MB : Quand j’étais jeune, et même encore maintenant, le cirque, les arts de rue et tout leur univers poétique et déjanté me faisaient rêver. J’ai d’ailleurs fait du cirque quand j’étais jeune. Pour moi, Caravelle, c’est le moyen de raconter à mon tour des histoires qui font rêver avec ma compétence de musicien.
Avez-vous d’autres projets en parallèle à l’Ensemble Caravelle ?
MB : Je suis encore étudiant, et à côté de l’Ensemble Caravelle, je joue dans le trio Sitka avec Maud et Clémence – respectivement flûtiste et harpiste de Caravelle – avec lesquelles nous jouons de la musique française du début du 20ème siècle. En plus de cela je suis musicien free-lance et je suis appelé à jouer dans différents orchestres et ensembles. À terme j’aimerai passer plus de temps sur mes projets personnels. J’aimerai aussi travailler dans le milieu de la musique ancienne, qui est une musique que j’affectionne beaucoup.
OJ : Je suis enseignante au Conservatoire de musique de Genève, et je joue dans le duo Volubile, un duo piano-violon, dans lequel nous interprétons de la musique tchèque.
Comment voyez-vous l’avenir du projet ?
MB : Jusqu’à maintenant, les représentations de ce spectacle « A little house in Louisiana » ont été un succès. Donc l’idée pour le moment est de faire tourner le projet et de nous faire connaître. Nous n’avons pas d’agent, donc on va tenter de s’y prendre au mieux pour programmer le plus possible de dates dans l’année et nous faire connaître un peu partout dans la région romande et en France voisine. On espère participer au Festival d’Avignon l’année prochaine, ce serait génial. Si cela fonctionne bien, on peut s’imaginer monter un troisième voire quatrième projet de concert scénographié, mais pour le moment, on reste sur ce projet.
Pour finir, je vous laisse cinq mots pour définir votre spectacle et convaincre les spectateurs de venir ce weekend.
OJ & MB : Fable vivante poétique moderne grinçante.
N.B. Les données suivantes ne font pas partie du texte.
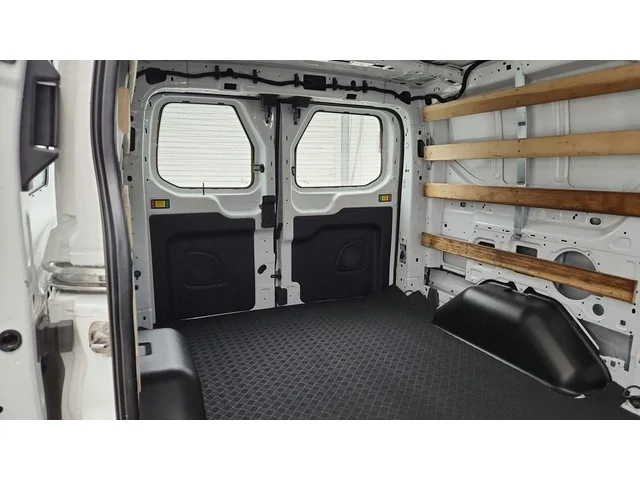 SEMINUEVOS FORD Transit Cargo Van a Estados en autogozo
Propos recueillis par Clément
Les prochaines dates de représentation du spectacle « A little house in Louisiana » sont le samedi 14 janvier à 20h ainsi que le dimanche 15 à 17h30 au Théâtricul, à Chêne-Bourg.
L’Ensemble Caravelle est composé de :
Maud Besnard (Flûte) | Mathurin Bouny (Alto) | Johann Vacher (Piano) | Oriane Joubert (Piano)
Jeanne Larrouturou (Percussions) | Lucas Duclaux-Loras (Percussions) | Claire de Haas (Chant) | Clémence Boinot (Harpe)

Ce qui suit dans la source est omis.